POCHE SPERANZE Infine, ma non per ultimo, una valutazione sulla ennesima prova della debolezza elettorale delle forze politiche turche che si oppongono ad Erdogan. È evidente infatti che i brogli e le manipolazioni del voto sono stati possibili perché i No, pur al 48,4% nonostante i brogli, non sono stati massicci, plebiscitari. Pure, non solo il laico Chp eil curdo Hdp (i cui leader sono in galera con false accuse) si sono espressi per il No, ma anche la Akp, il partito di Erdogan, si è spaccata con la sotterranea campagna per il No addirittura da parte dell’ex presidente della Repubblica Abdullah Gül e di molti suoi seguaci, così come si è spaccato in due anche il nazionalista Mhp. Ciononostante, come già nelle elezioni politiche, gli oppositori del Sultano non sono riusciti a mobilitare una marea di voti. La ragione diquesta debolezza è semplice: forti nelle città (Istanbul, Smirne e Ankara hanno votato No) questi oppositori - dal programma vecchio e stantio e soprattutto appesantiti dalla corruzione - non contano nulla nell’immensa provincia e in Anatolia, anche tra i cosiddetti «ceti produttivi». E il Sultano trionfa.
LA STAMPA - Giordano Stabile: "Il blocco sunnita compatto dietro il leader più forte"
Giordano Stabile
Una vittoria anche contro «i crociati». Lo ha detto Erdogan nel primo discorso dopo il sì al referendum, lo pensano in molti nel mondo arabo. Se si allarga il fossato fra la Turchia e l’Europa, quello con il Medio Oriente si restringe come mai dal 1923, quando è nata la moderna repubblica di Atatürk. È soprattutto il fronte conservatore a festeggiare la vittoria del leader turco, capace di modellare la più importante potenza sunnita in senso islamico.
L’Akp, il partito di Erdogan, ha avuto fra le principali fonti di ispirazione i Fratelli musulmani. Un islam «politico» da conciliare, finché possibile, con la democrazia. I disastri della Primavera araba hanno ridimensionato questo modello ma ora la Turchia presidenziale potrebbe rilanciarlo. I primi a felicitarsi con il presidente turco dopo la vittoria sono stati il Qatar, maggior sponsor dei Fratelli musulmani, il leader tunisino del partito islamico Ennhadha, Rached Ghannouchi, che già domenica sera ha chiamato al telefono Erdogan, come pure il presidente e il premier pachistani Mamnoon Hussain e Nawaz Sharif.

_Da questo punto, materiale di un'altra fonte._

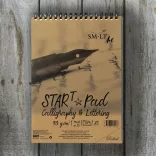 Vázlattömb - SMLT Bristol Pad authentic - 185gr, 30 sheets, A5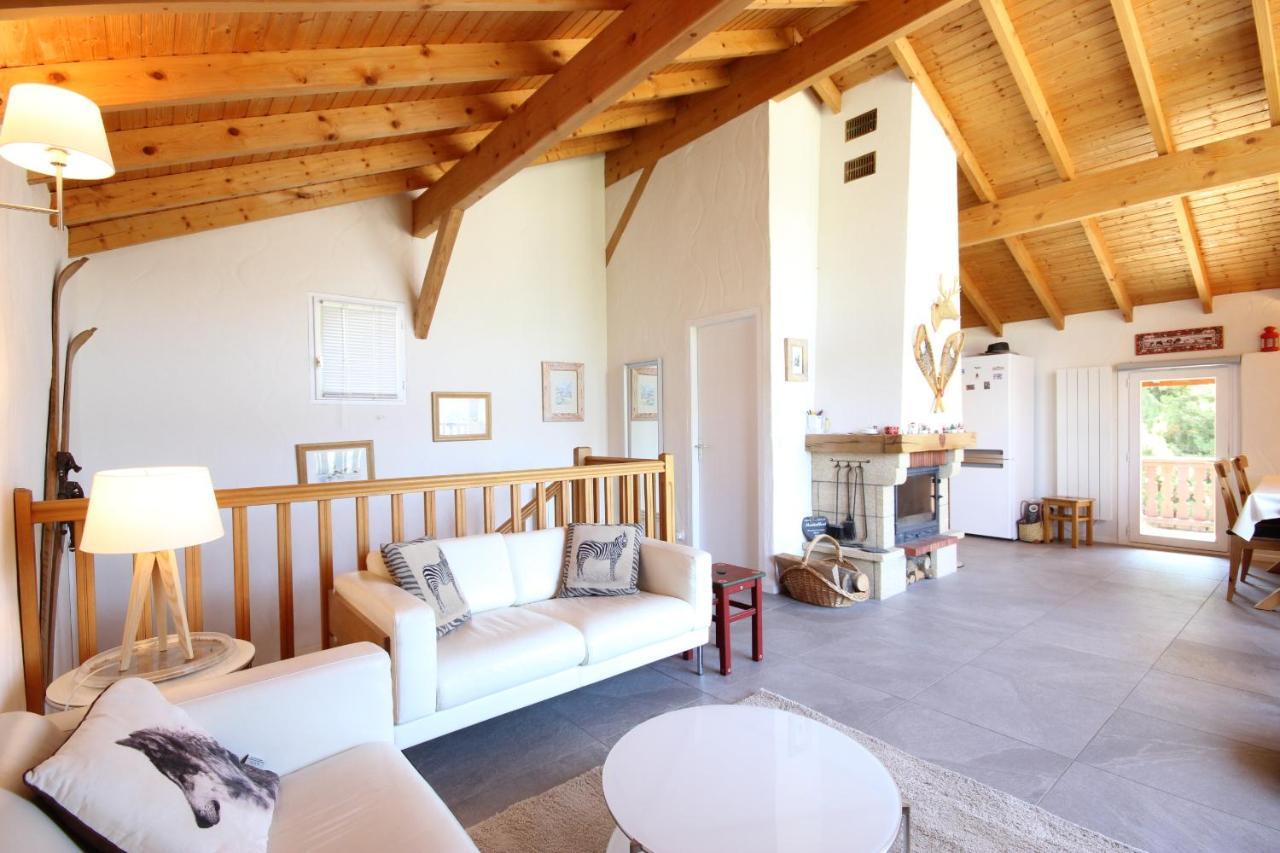 Chalet La Plagne Montalbert 50M Des Pistes Bagian luar foto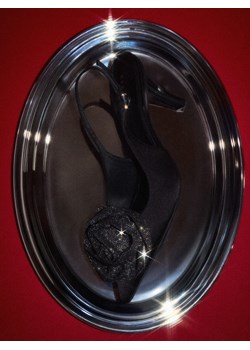 Mohito - Czółenka z ozdobnym elementem - czarny ze sklepu Mohito w kategorii Czółenka - zdjęcie 188032442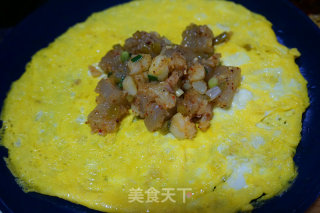 Omelet Potato recipe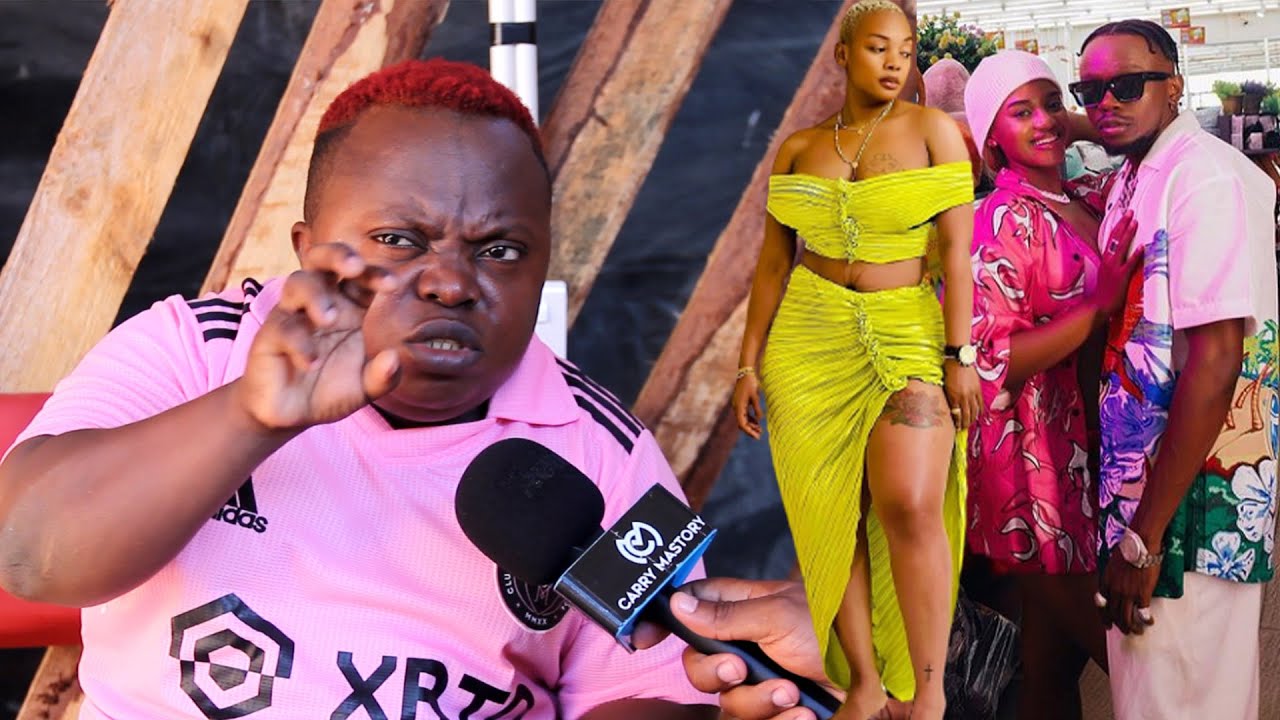 MARIOO ANAJICHIMBIA KABURI LAKE MWENYEWE /AMESHUKA KIMZIKI KISA KAJALA NA PAULA/HARMONIZE/MR PIMBI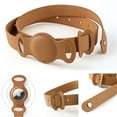 thumbnail image 2 of Collier AirTag en Cuir - Style D, 2 of 6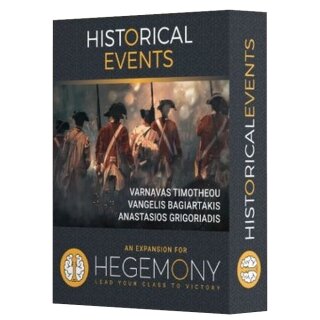 Hegemony: Lead Your Class to Victory - Historical Events Expansion (EN)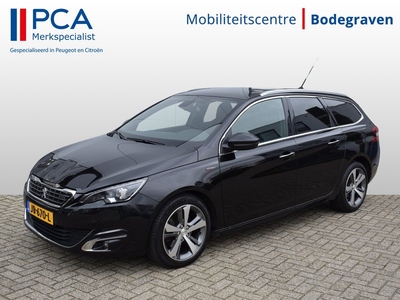 Peugeot 308 SW 2.0 BlueHDI Blue Lease GT-line *Trekhaak - Panoramadak*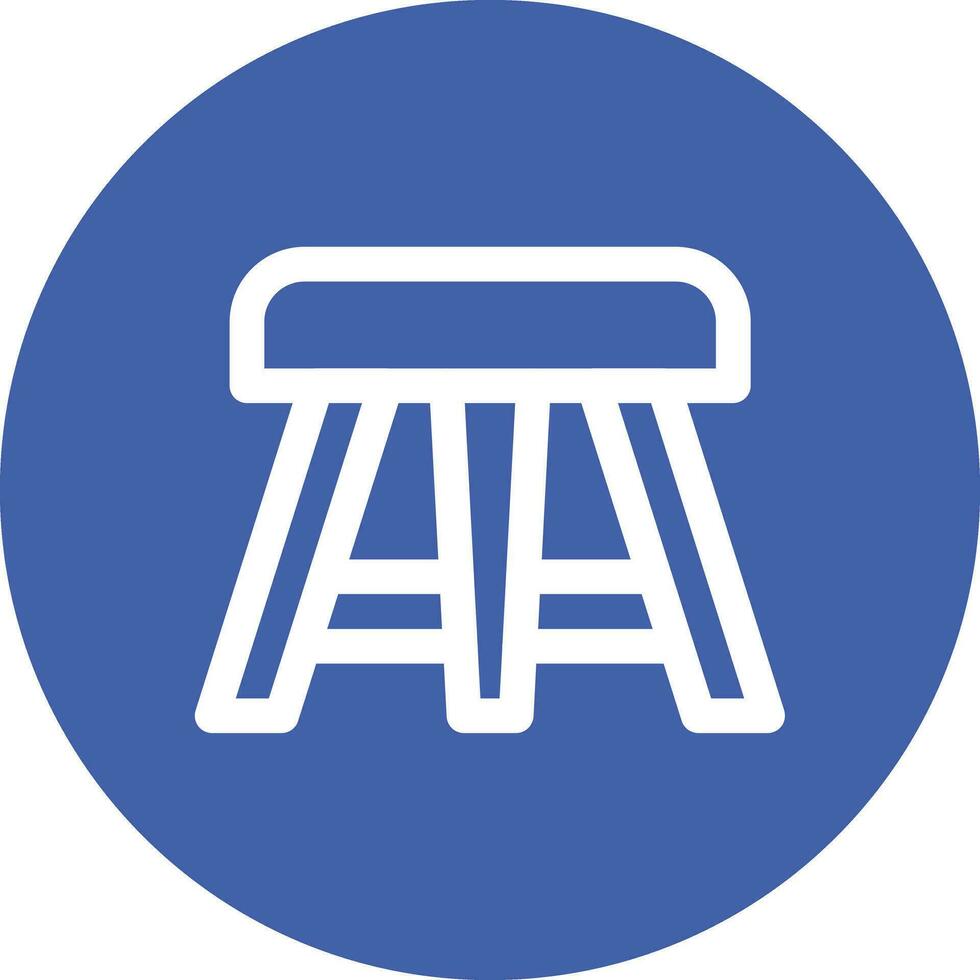 Stool Vector Icon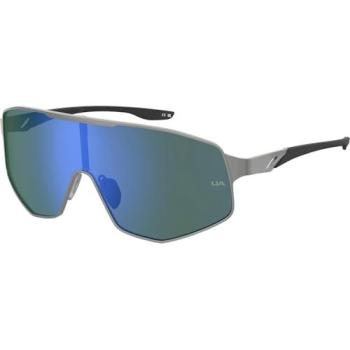 UA Gameday MT‑L Silver Men’s Sport Sunglasses (R81/V8, Size 99)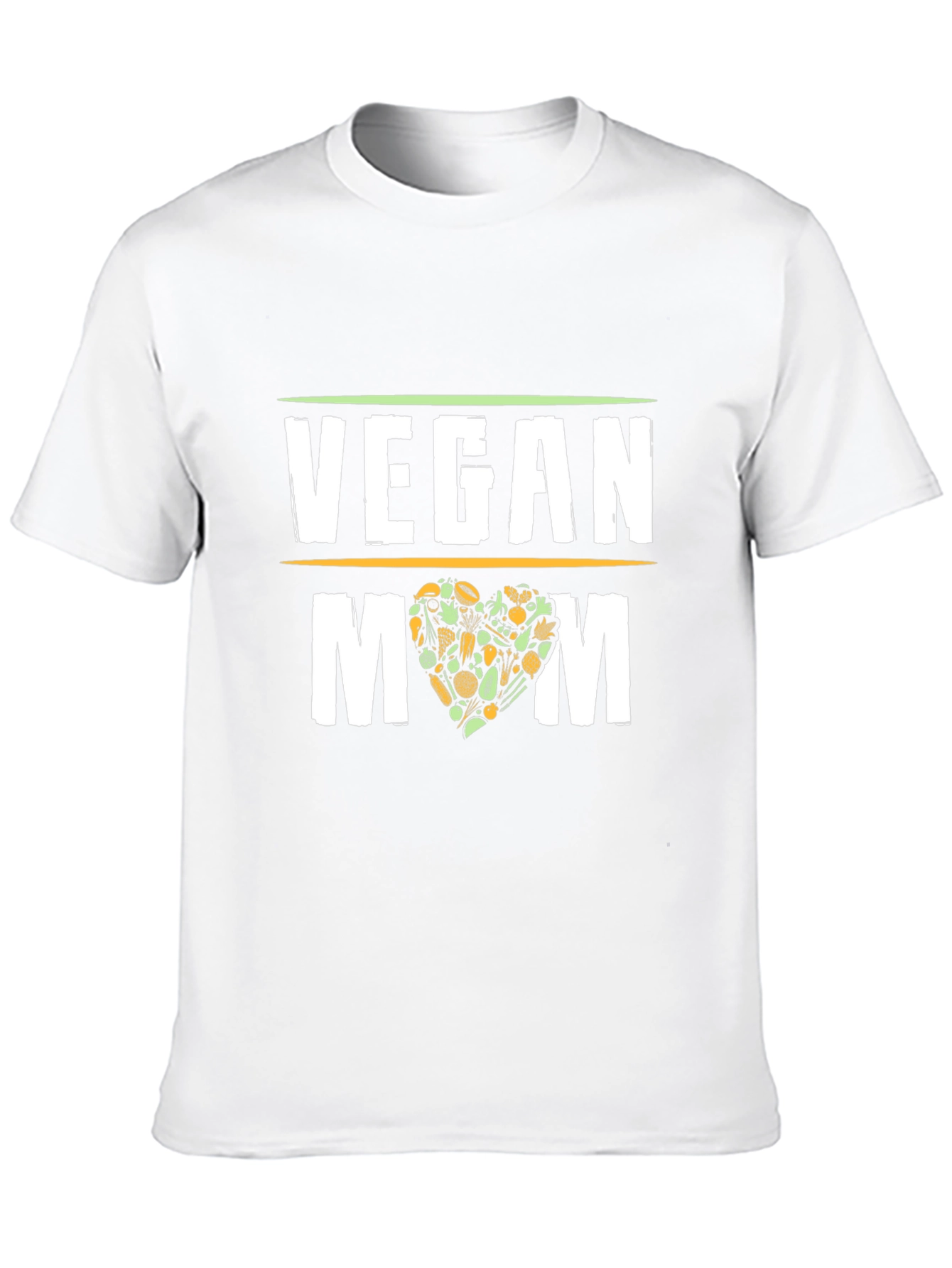 Vegan Mom T-Shirt - Black Graphic Tee - 10
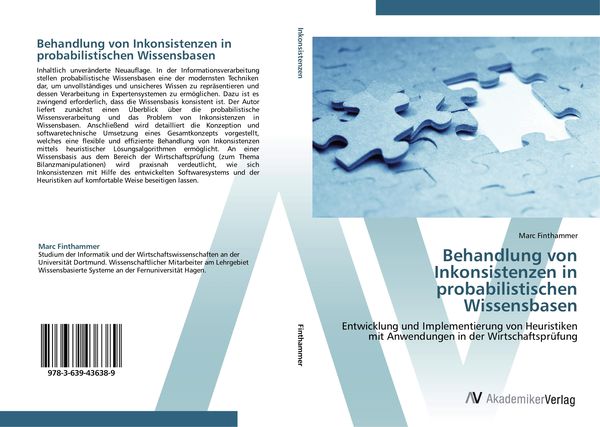 Produktbild: Behandlung von Inkonsistenzen in probabilistischen Wissensbasen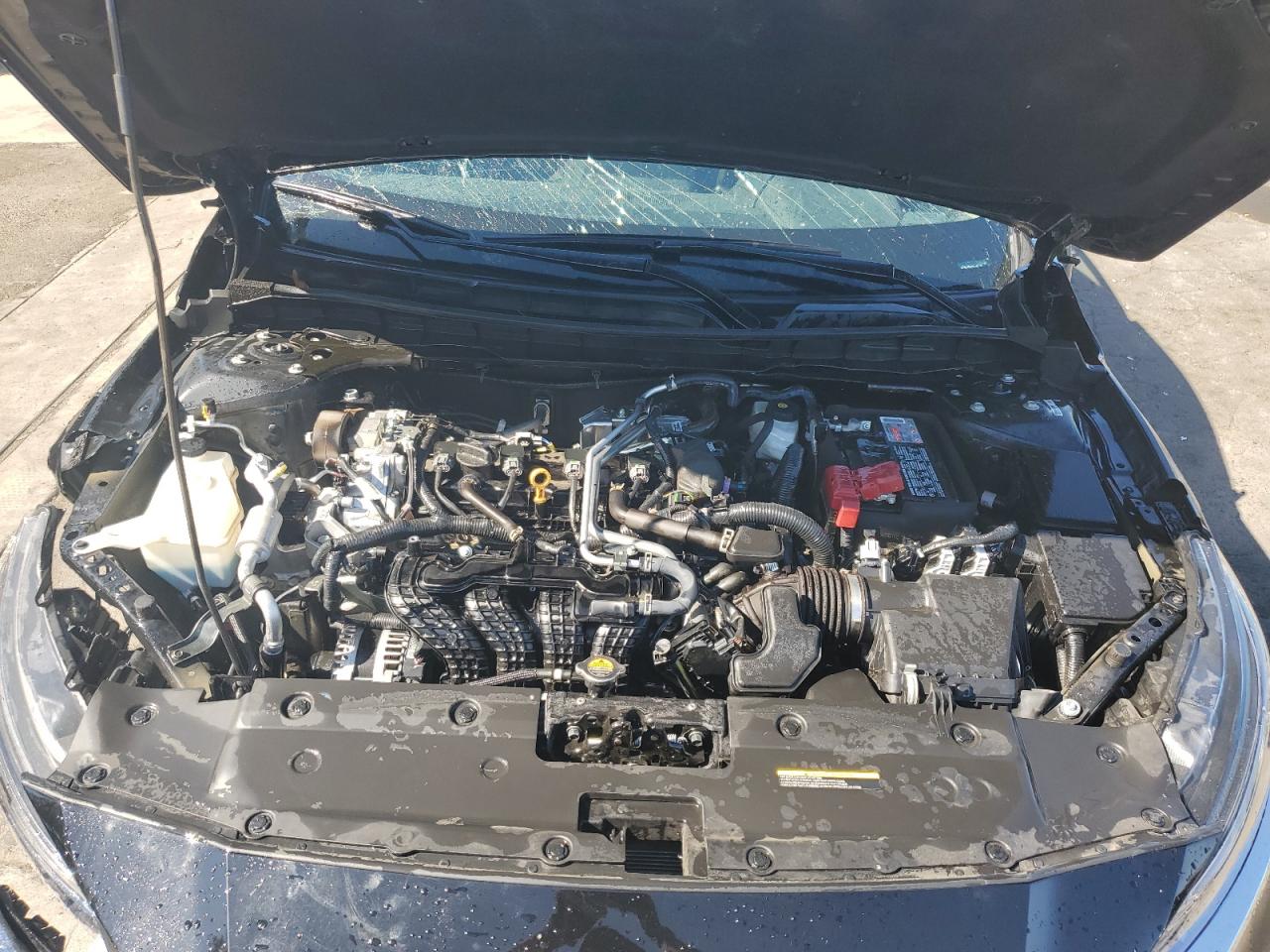 2025 Nissan Altima Sv VIN: 1N4BL4DVXSN351751 Lot: 85940735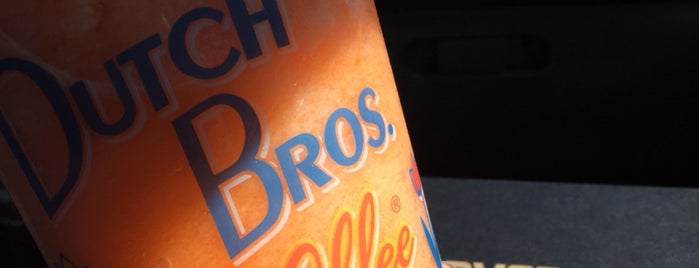 Dutch Bros Coffee is one of Chico, Davis.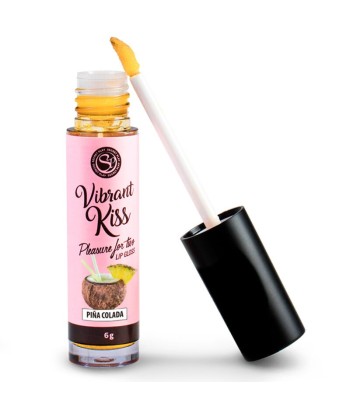 SECRETPLAY - LIP GLOSS VIBRANT KISS - PIÑA COLADA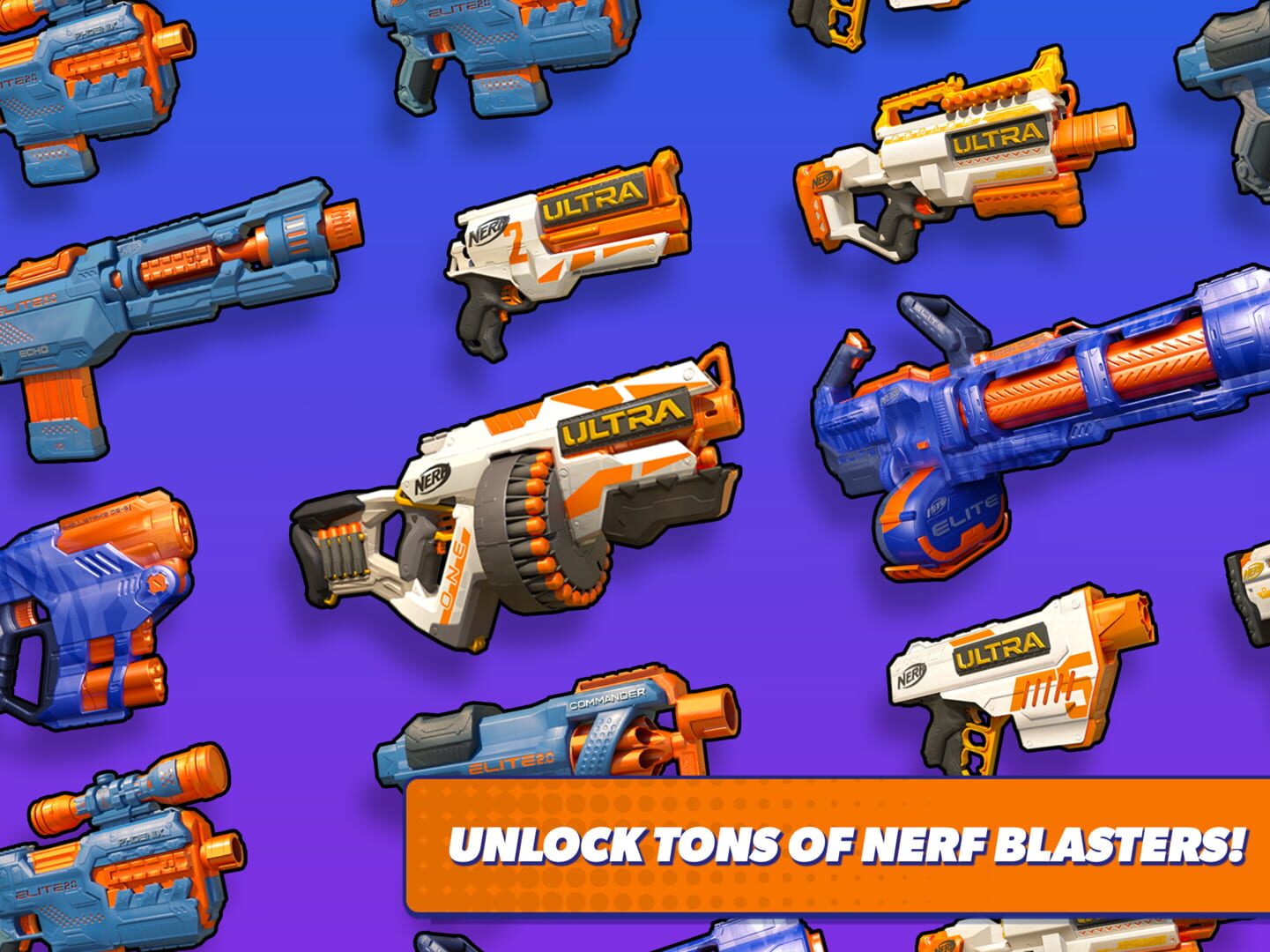 Nerf: Battle Arena - Screenshot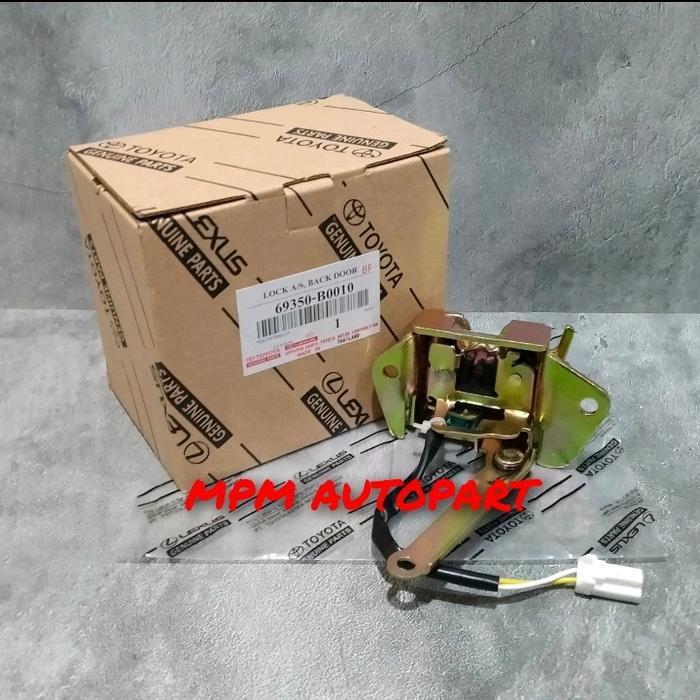 door lock pintu bagasi belakang avanza xenia lama vvti 2004 2010 Original Equipment Manufacture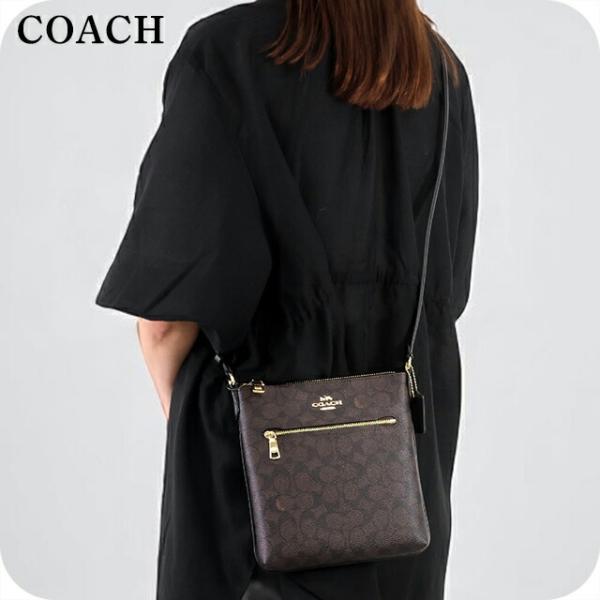 COACH（コーチ） ショルダーバッグ メッセンジャーバッグ レディース
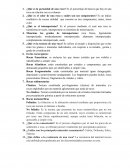 Cuestionario de Rocas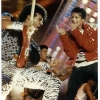 Gregg Wright onstage during the Victory Tour with the King of Pop, THE GREAT Michael Jackson!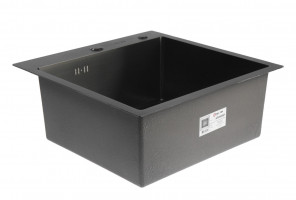 Мойка AFLORN (500х500х230мм, толщ.3мм), Графит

Anche l’Arabia Saudita, pure su posizioni un po’ diverse rispetto al Qatar, ha espresso la sua soddisfazione. La vittoria di Erdogan rafforza anche le milizie di Misurata, da sempre sostenute da Ankara. La città commerciale ha secolari rapporti privilegiati con la Turchia e diventa ancora di più strategica per il futuro della Libia. Chi non festeggia è invece il presidente egiziano Abdel Fatah Al-Sisi, principale avversario dei Fratelli Musulmani, e sostenitore del generale libico Khalifa Haftar, in guerra con Misurata per il controllo dei porti petroliferi e degli oleodotti nel deserto libico.
La partita in Siria
Il linguaggio usato per annunciare la vittoria, «abbiamo combattuto e vinto contro tutte le difficoltà, siamo stati attaccati da nazioni animate da uno spirito da crociati, ma non ci siamo fatti intimorire», è piaciuto molto anche ai gruppi più oltranzisti fra i ribelli siriani. Erdogan ha poi ribadito il suo interesse nella partita siriana e detto che l’operazione Scudo dell’Eufrate, nel Nord del Paese «non è l’ultima, ma la prima», segno che la zona di influenza turca potrebbe allargarsi ancora. La vittoria di Erdogan è invece una brutta notizia per il raiss siriano Bashar al-Assad, che sperava in un suo indebolimento.
Tutti i gruppi ribelli appoggiati dalla Turchia, a partire da Ahrar al-Sham, hanno festeggiato. Più imbarazzante il sostegno di Hayat al-Tahrir al-Sham, emanazione di Al-Qaeda. Un comunicato saluta la vittoria di Erdogan che porta la Turchia «più vicina al mondo islamico sunnita». E il grande rivale sciita, nonché maggiore sostenitore di Assad, l’Iran? Per ora mantiene una posizione ambigua: da una parte vede con preoccupazione il rafforzarsi del fronte oltranzista sunnita, dall’altra la possibile nascita di una «Repubblica islamica turca» va nella direzione degli ayatollah, che vedono nella religione l’unico fondamento sicuro anche per gli Stati moderni. Il sunnismo della Turchia, molto influenzato dai pensatori sufi, non è quello dell’Arabia Saudita. A parte la Siria, c’è spazio per andare d’accordo.